Here: Jeffredo Cert Petition
Incidentally, a few days after the petitioners filed, the Ninth Circuit panel adopted an amended opinion (here).
Lower court materials are here.
1. Is the Writ of Habeas Corpus under the Indian Civil Rights Act limited solely to tribal criminal proceedings instead of also including tribal civil proceedings which result in the disenrollment of life-long tribal citizens?
2. Does the combination of “disenrollment,” which is the stripping away of Appellants’ life-long tribal citizenship and the current and potential restrictions placed on Appellants, constitute a severe restraint on their liberty so as to satisfy the “detention” requirement of Section 1303 of the Indian Civil Rights Act?

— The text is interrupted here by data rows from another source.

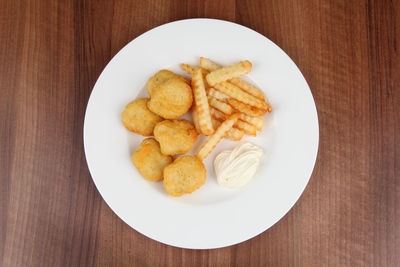 Directly above shot of food served on table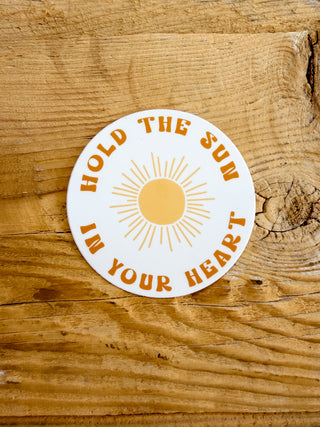 Circular sticker with 'Hold the Sun in Your Heart' text. 
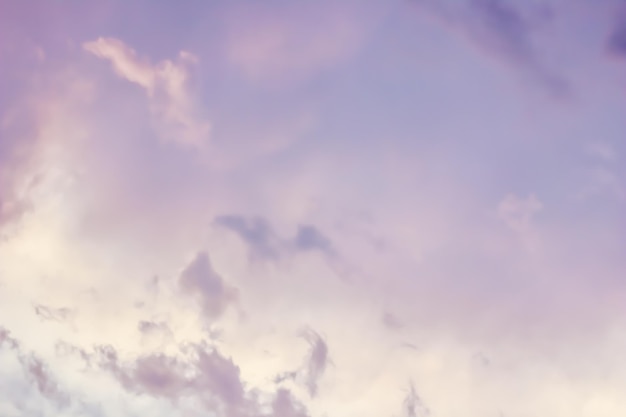 Background of a beautiful pink and pale purple sky with clouds at sunset. High quality photo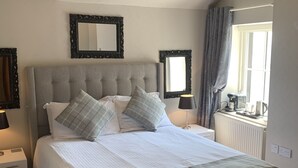 Ein ordentlich eingerichtetes Schlafzimmer mit einem großen Bett, zwei Nachttischen, einem Fenster mit Vorhängen und einem Heizkörper.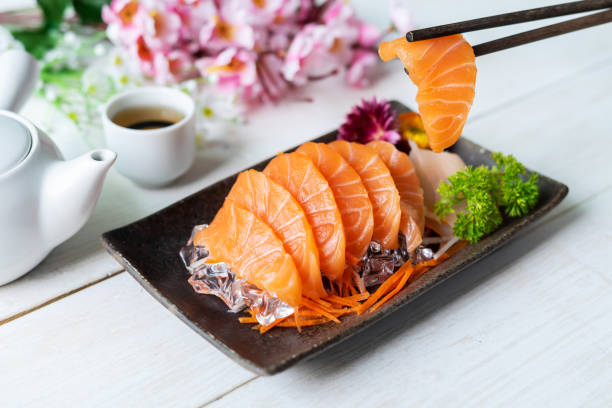 istock Salmon sashimi slice fresh serve on ice with tea, Japanese style 953451592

3. Does the disenrollment of life-long tribal members, by itself, constitute a severe restraint of liberty so as to satisfy the “detention” requirement of the Indian Civil Rights Act?
4. Did the Appellants exhaust their tribal remedies by going through every Pechanga Tribal appeal proceeding available to contest their disenrollment?
I don’t see how this is certworthy. There’s no split in authority alleged by the petitioners (they didn’t even try to assert a split with the Second Circuit which decided a somewhat similar case (Poodry) years ago). I imagine the Supreme Court one day will reconsider the National Farmers Union tribal court exhaustion doctrine but this doesn’t seem to be a very good vehicle for that because it’s not a tribal court jurisdiction case at the heart of the doctrine. Plus, it’s an internal tribal matter with no national importance whatsoever (other than the side-show of Indian gaming wealth).
Finally, despite the dissent from District Court Judge Wilkens, I don’t think the Roberts Court is inclined to expand habeas rights in any way, let alone to benefit Indian people in this way. As Justice Holmes told Justice Brandeis, the Supreme Court is not there to do justice.